Data extract:
╭──
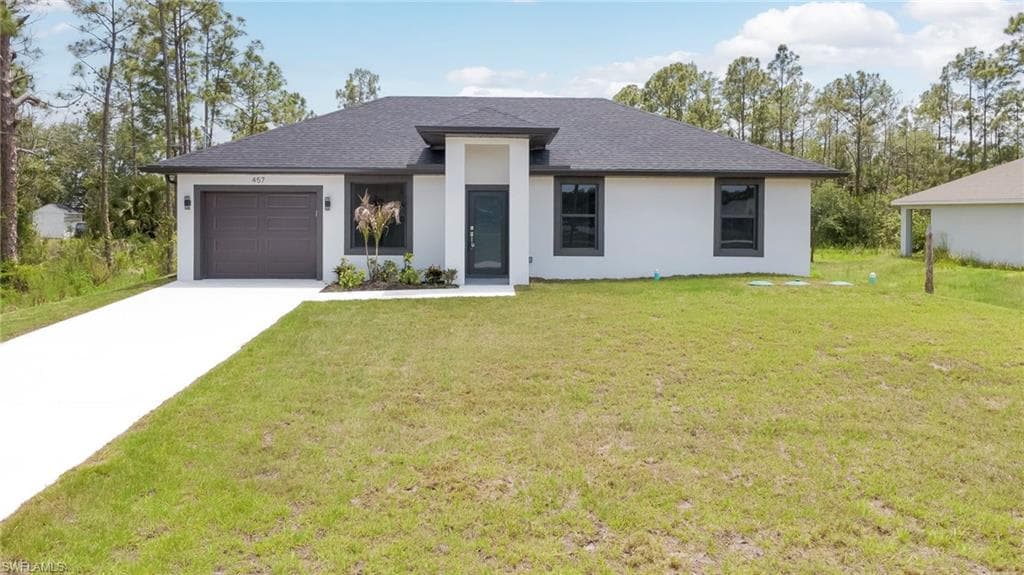 457 Woodman DR LEHIGH ACRES, FL 33972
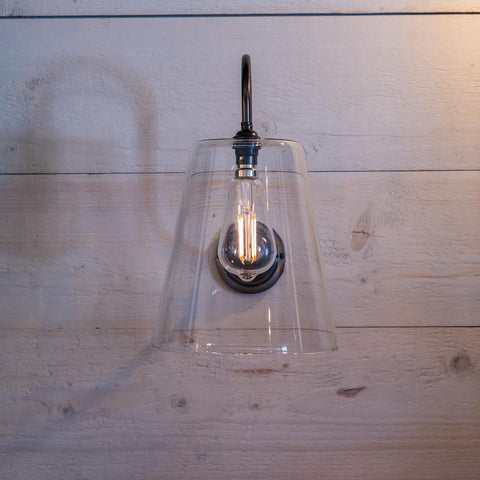 Newbury Large Clear Shade wall light with clear glass and swan neck arm in antique brass finish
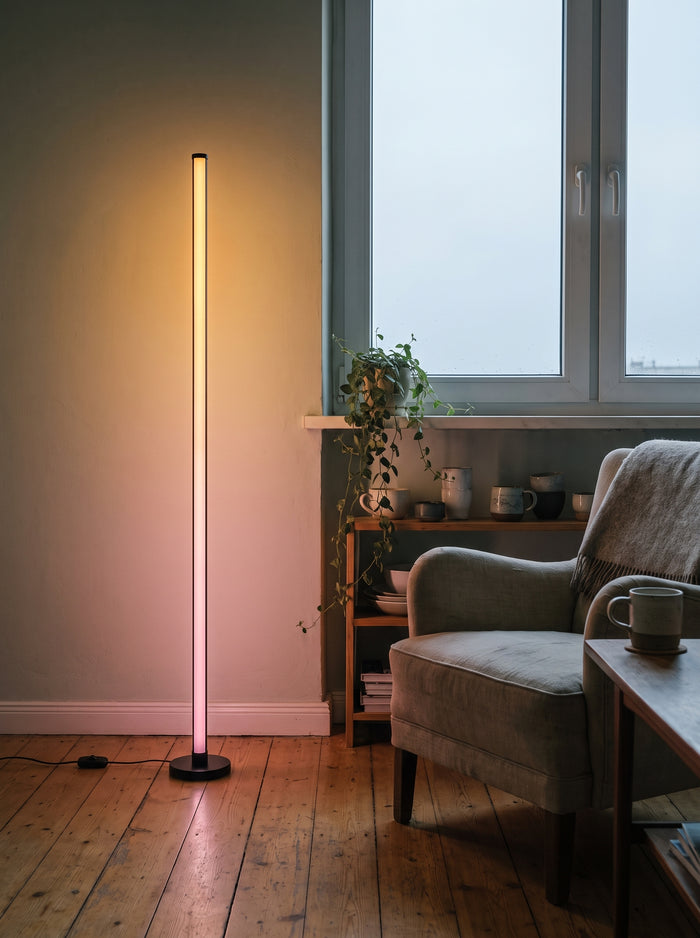 RGB-LED-Stehleuchte 120 cm leuchtet warm in einer Wohnzimmerecke neben einem Sessel
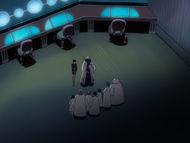 Nemu stands by as Mayuri delegates his task to his researchers.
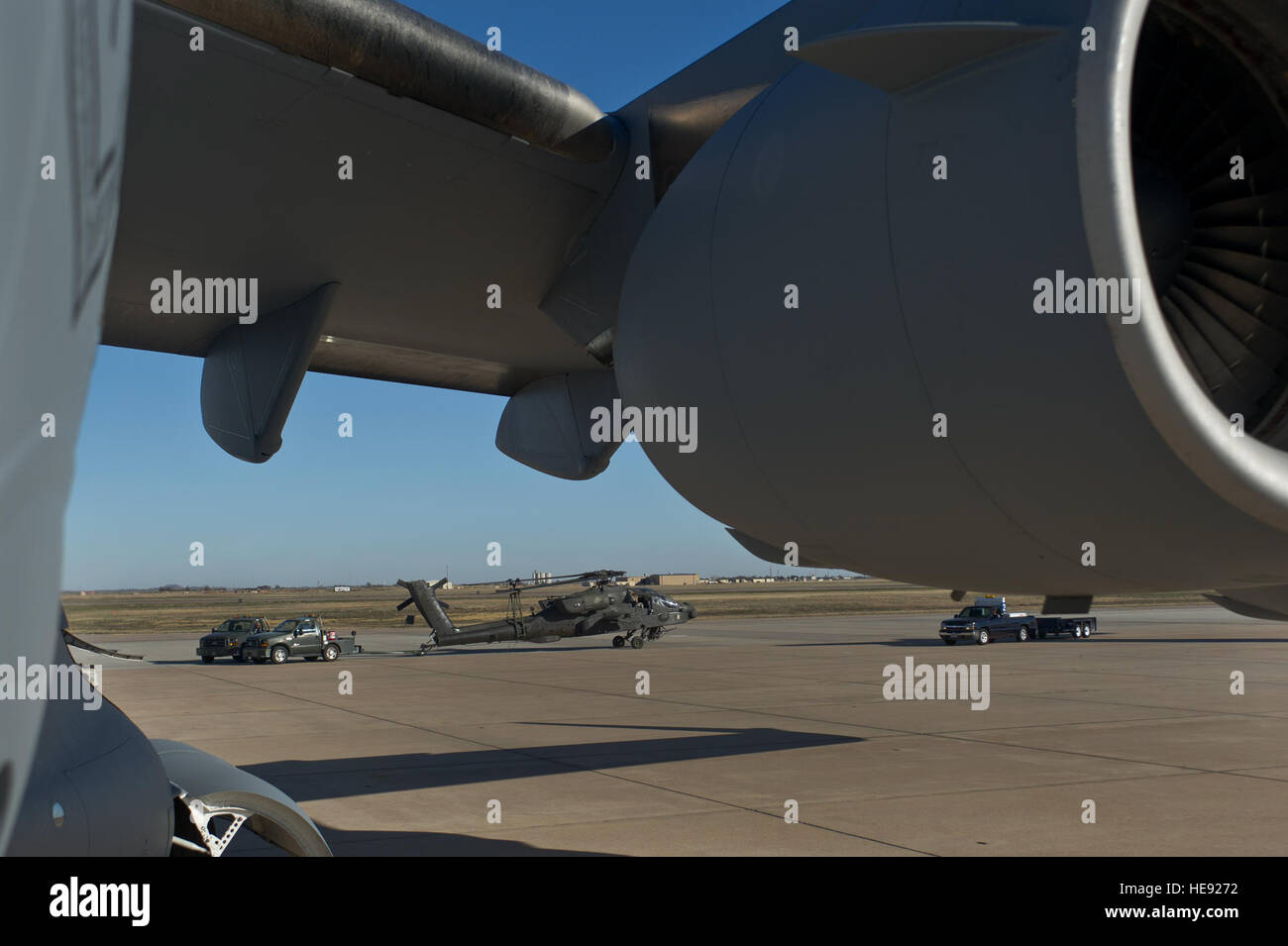 U.S. Air Force maintainers from the 97th Maintenance Directorate tow a ...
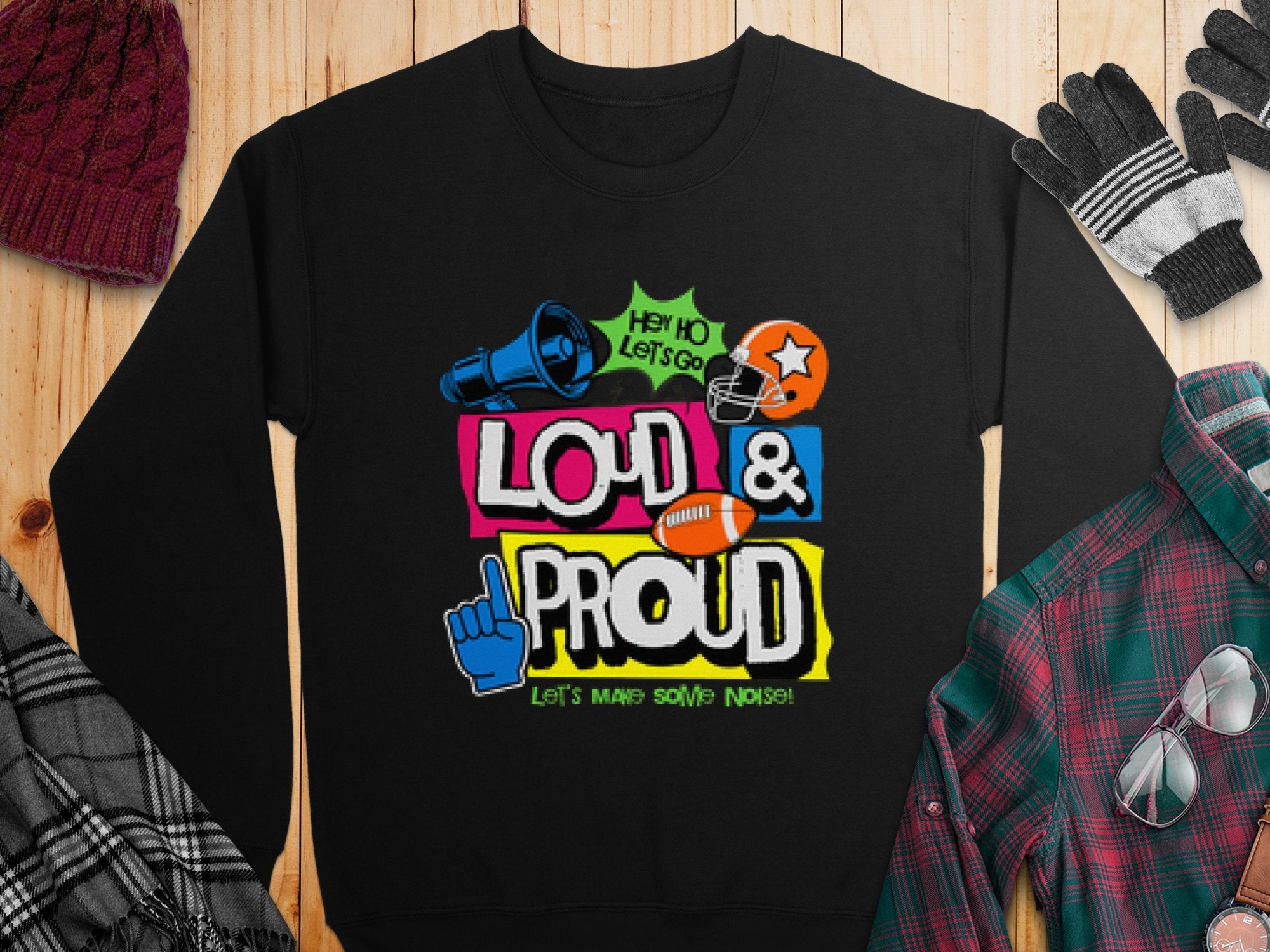 A unisex black sweatshirt from Garment Graphics features the vibrant Hey Ho Lets Go Loud & Proud design, showcasing megaphone, foam finger, football, and helmet graphics. Its part of the unique style of Loud and Proud Sweatshirts, set against a wooden backdrop with a hat and gloves.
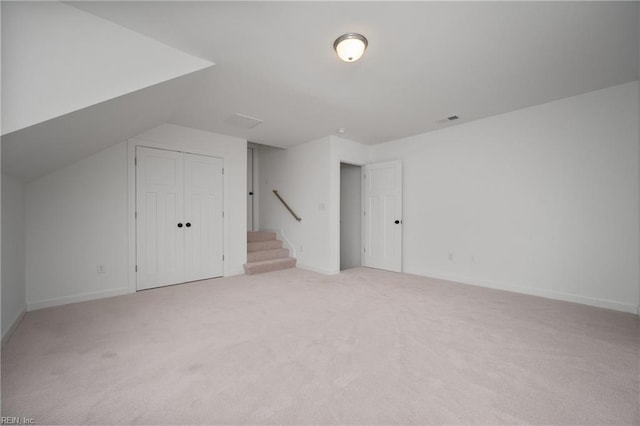 additional living space featuring light colored carpet, baseboards, visible vents, and stairway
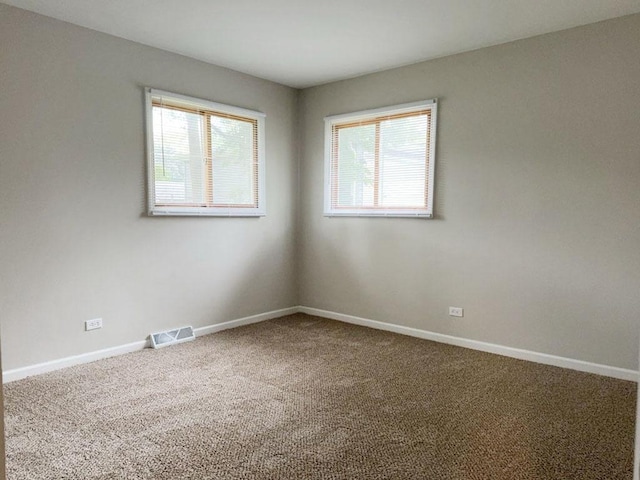 unfurnished bedroom with carpet and a closet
╰──
Return, exactly and without extra lines, everything from the line with "Newbury Large Clear" through the last line of the material above, both included. Pictures must be dropped.

 Newbury Large Clear Shade wall light with clear glass and swan neck arm in antique brass finish
 RGB-LED-Stehleuchte 120 cm leuchtet warm in einer Wohnzimmerecke neben einem Sessel
 Nemu stands by as Mayuri delegates his task to his researchers.
 U.S. Air Force maintainers from the 97th Maintenance Directorate tow a ...
 A unisex black sweatshirt from Garment Graphics features the vibrant Hey Ho Lets Go Loud & Proud design, showcasing megaphone, foam finger, football, and helmet graphics. Its part of the unique style of Loud and Proud Sweatshirts, set against a wooden backdrop with a hat and gloves.
 additional living space featuring light colored carpet, baseboards, visible vents, and stairway
 unfurnished bedroom with carpet and a closet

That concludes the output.